The proposed STEP project; Shannon Technology and Energy Park, supports Ireland’s green transition. It combines a marine import terminal for Liquefied Natural Gas (LNG), a gas fired power plant and a battery energy storage system. Ireland’s scheduled closure of oil and peat-fired electricity generation means that natural gas is expected to play an important role as back-up fuel for non-variable generation. This is needed to support weather dependent renewable energy sources such as onshore and offshore wind. A strong increase is expected in Ireland’s gas import dependency. This is further challenged by the fact that until now the country has only a single supply point. The STEP’s import terminal will enable LNG supplies to be sailed in from anywhere in the world.
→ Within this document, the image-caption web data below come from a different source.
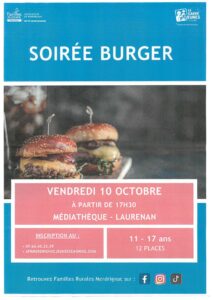 Soirée burger : Vendredi 10 octobre 2025, à la médiathèque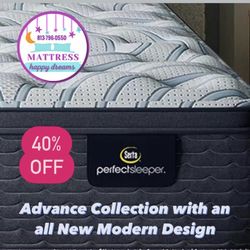 King Size Pillow Top Mattress Serta Perfect Sleeper Delfino Nights Medium New From Factory Same Day Delivery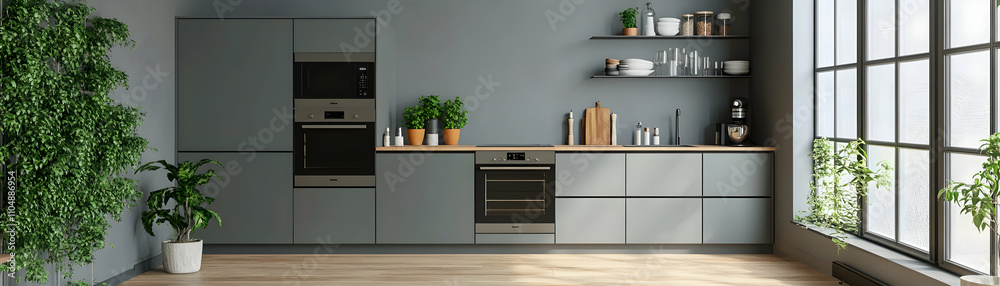 Modern Gray Kitchen Design with Built-in Appliances and Greenery Accents Modern Gray Kitchen Design with Built-in Appliances and Greenery Accents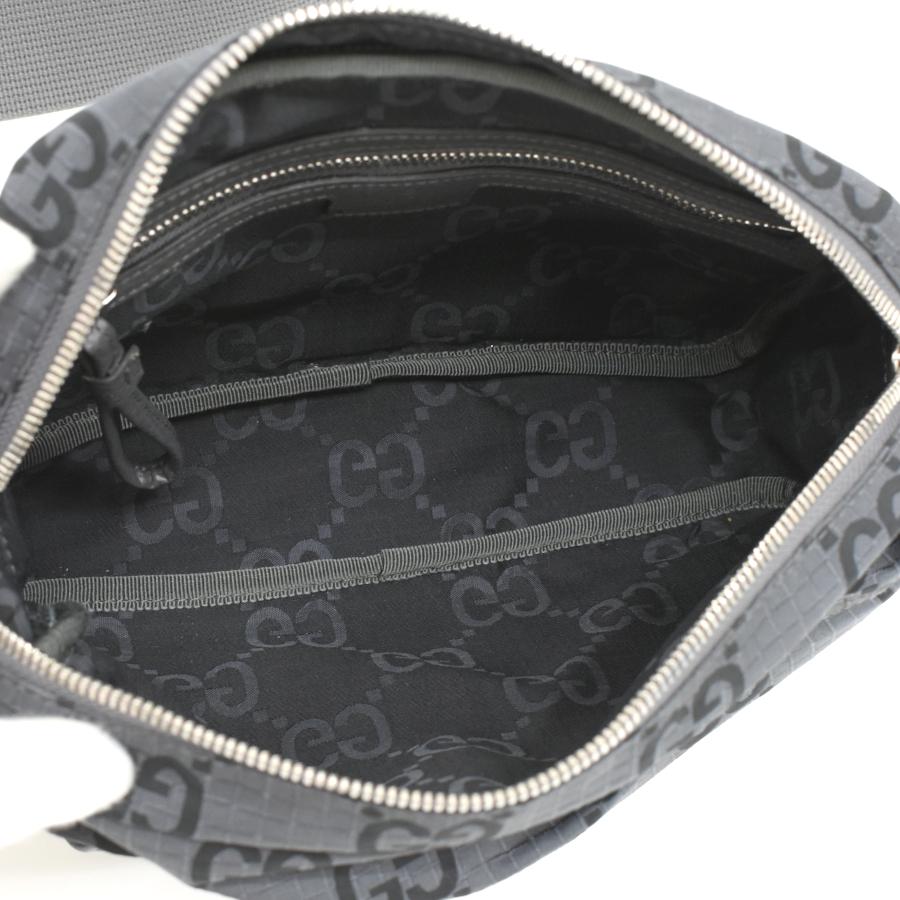 新品同様 グッチ ショルダーバッグ 767931 FACPK GGリサイクルポリエステル グレー GUCCI_7
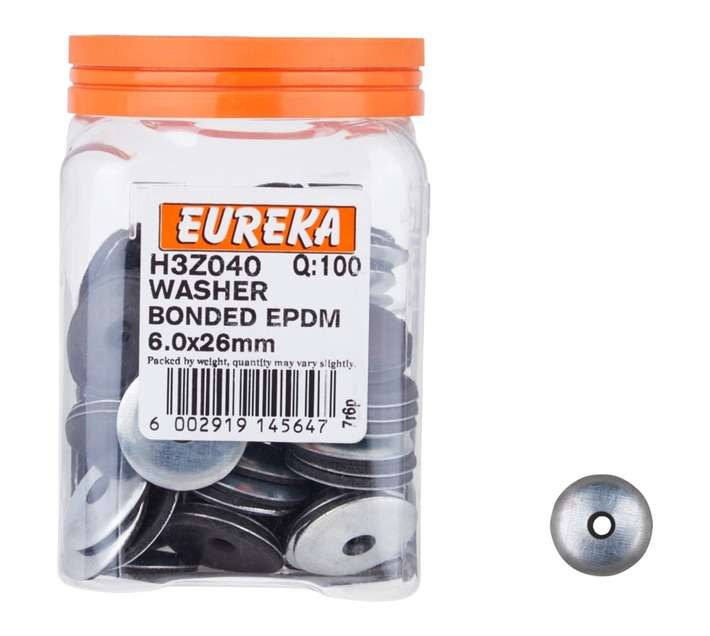 Eureka 100 x Bonded EPDM Washers (6 x 26mm)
Shannon LNG Ltd. required a comprehensive and detailed numerical study of underwater noise from construction of the LNG terminal and various operational scenarios. The predicted acoustic data was needed for the external marine biologists who were assessing the impact on local marine life in the Shannon Estuary. A fair and objective study was needed to form part of an Environmental Impact Assessment Report for the Irish Regulators, An Bord Pleanála.

How we helped

We set up detailed underwater acoustic models for the Shannon Estuary, with careful representation of bathymetry and multi-layered seabed properties. The model types included Parabolic Equation and Beam Tracing, together with Statistical Energy Analysis. For the best acoustic representation of the LNG terminal’s Floating Storage and Regasification Unit (FSRU), complementary real-world source measurements were taken at a similar, existing vessel. Several construction activities were modelled in the study, including impact and vibratory pile driving for the jetty, and underwater noise resulting from on-land rock blasting.

For a fair representation of the operational phase, various noise source combinations were modelled involving the FSRU, tugboats, an LNG carrier, and a transiting cargo ship.

The applied approach addressed a wide frequency range and allowed for the determination of the multiple metrics needed for a comparison against up-to-date acoustic criteria for the marine species living in the Shannon Estuary.

Powerful results

Our modelling provided the required inputs for the biological acoustic impact assessment used in the Environmental Impact Assessment Report (EIAR), addressing several scenarios of construction and operation. This provided a solid basis for the subsequent assessment by the Irish Regulators.

Vysus’ acoustic engineers did a great job at implementing the many changes in modelling scenarios and adding new types of noise sources along the way. Their attitude was always professional, and they presented their results in a well documented report that conveys confidence.